Can computers prove theorems?

23 October 2019

How do we prove that $2 + 2 = 4$? At school, this might have been taught to you in the following way. You were given a box of little plastic cubes, two cubes were put in one of your hands and then two more cubes in the other, and you were challenged to count how many cubes you had in total.

But this doesn’t really prove that $2 + 2 = 4$: it proves that 2 plastic cubes + 2 plastic cubes = 4 plastic cubes. You could try it again with pencils and show that 2 pencils + 2 pencils = 4 pencils, and after you’ve tried it with sufficiently many things you might become convinced that there is an underlying pattern. But is this a proof that $2 + 2 = 4$? Proving it like this feels a bit like an experimental science—it works with cubes, it works with pencils, and this is evidence that it works in general. I think we are all pretty confident that, whatever the actual rules of maths are, they probably don’t mention pencils.

But what are the rules of maths? Are there any rules at all, or do we all just have some inbuilt intuition as to what constitutes a valid mathematical argument? Before the 1900s, people worked intuitively, and there was broad agreement as to what constituted a correct argument. But as people began to do more complex and abstract mathematics, this approach became problematic, because people’s intuitions could differ.
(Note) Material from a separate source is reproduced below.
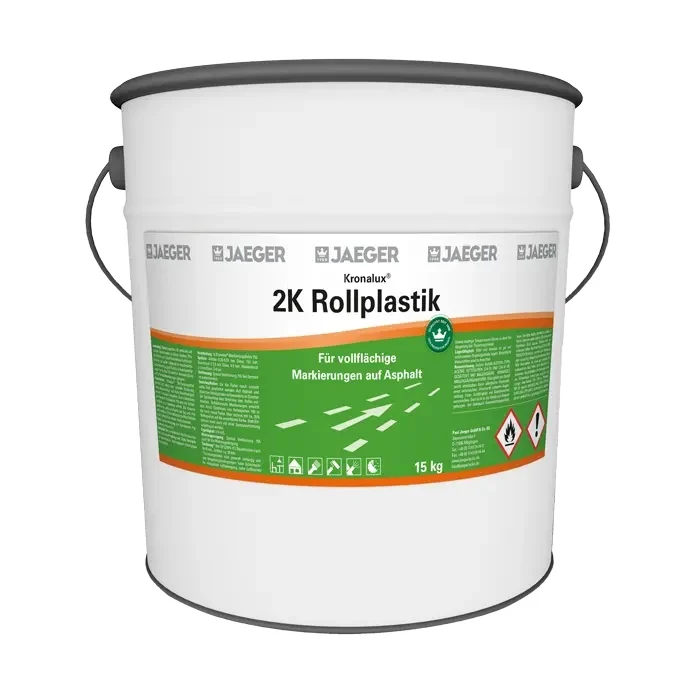 Jaeger 763 Kronalux 2K-Rollplastik 12 kg weiß RAL 9016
Ask a room full of teenagers whether $0.9999999\ldots=1$, and you will get different opinions. This is because different people have different intuitions about what the real numbers actually are. Differences of opinion as to whether arguments were valid forced mathematicians into actually writing down an official rulebook: the axioms of maths.

So how do we prove $2 + 2 = 4$ just using the axioms of maths and no plastic cubes? Come to think of it, how do we define 2, and how do we define +? The Italian mathematician Giuseppe Peano had some ideas about this in 1889, and his ideas are now called Peano’s axioms.

Peano’s axioms

Giuseppe Peano

Peano wanted to define a number system called the natural numbers, which for him started at zero. So the question is how to find axioms that model the set $\{0,1,2,3,4,\dots\}$. Here is how Peano did it. He defined a constant $\mathtt{zero}$ (to be thought of as 0 in our mental model), and a successor function $S$, which takes a natural number $n$ as input, and spits out another natural number $S(n)$ (to be thought of as the number after $n$).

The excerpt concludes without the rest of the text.